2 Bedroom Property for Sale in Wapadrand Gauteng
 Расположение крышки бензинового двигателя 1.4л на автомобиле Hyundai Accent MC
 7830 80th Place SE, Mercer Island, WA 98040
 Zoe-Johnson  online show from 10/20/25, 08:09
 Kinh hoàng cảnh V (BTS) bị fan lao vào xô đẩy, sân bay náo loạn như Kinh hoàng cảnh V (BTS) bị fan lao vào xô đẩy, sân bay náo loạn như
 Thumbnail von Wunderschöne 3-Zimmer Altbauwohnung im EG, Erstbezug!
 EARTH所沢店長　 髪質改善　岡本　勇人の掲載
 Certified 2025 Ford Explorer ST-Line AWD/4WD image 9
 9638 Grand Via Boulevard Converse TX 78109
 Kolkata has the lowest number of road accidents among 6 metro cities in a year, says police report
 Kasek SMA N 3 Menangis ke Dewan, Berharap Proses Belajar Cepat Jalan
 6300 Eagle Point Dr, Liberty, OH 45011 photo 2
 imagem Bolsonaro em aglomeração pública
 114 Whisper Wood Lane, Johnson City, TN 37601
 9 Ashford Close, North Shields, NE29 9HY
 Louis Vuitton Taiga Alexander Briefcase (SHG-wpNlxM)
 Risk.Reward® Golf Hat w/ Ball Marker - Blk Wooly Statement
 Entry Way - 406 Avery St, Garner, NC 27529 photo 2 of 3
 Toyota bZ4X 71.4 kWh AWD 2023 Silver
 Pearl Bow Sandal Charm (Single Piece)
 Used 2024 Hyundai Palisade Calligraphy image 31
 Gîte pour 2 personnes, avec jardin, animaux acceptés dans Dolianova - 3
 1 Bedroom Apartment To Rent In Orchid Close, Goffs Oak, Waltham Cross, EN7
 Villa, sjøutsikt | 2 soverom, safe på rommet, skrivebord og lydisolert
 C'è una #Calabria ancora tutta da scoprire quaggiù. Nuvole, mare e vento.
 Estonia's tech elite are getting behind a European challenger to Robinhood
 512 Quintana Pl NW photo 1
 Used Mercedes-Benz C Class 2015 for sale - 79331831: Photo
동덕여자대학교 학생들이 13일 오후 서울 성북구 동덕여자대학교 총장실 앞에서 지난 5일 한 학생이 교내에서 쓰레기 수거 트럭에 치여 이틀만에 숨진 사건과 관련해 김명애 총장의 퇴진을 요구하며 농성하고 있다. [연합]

----------------

-- Task description --
If a line in the entries above has the word "Johnson", copy it.

-- Expected answer --
 Zoe-Johnson  online show from 10/20/25, 08:09
 114 Whisper Wood Lane, Johnson City, TN 37601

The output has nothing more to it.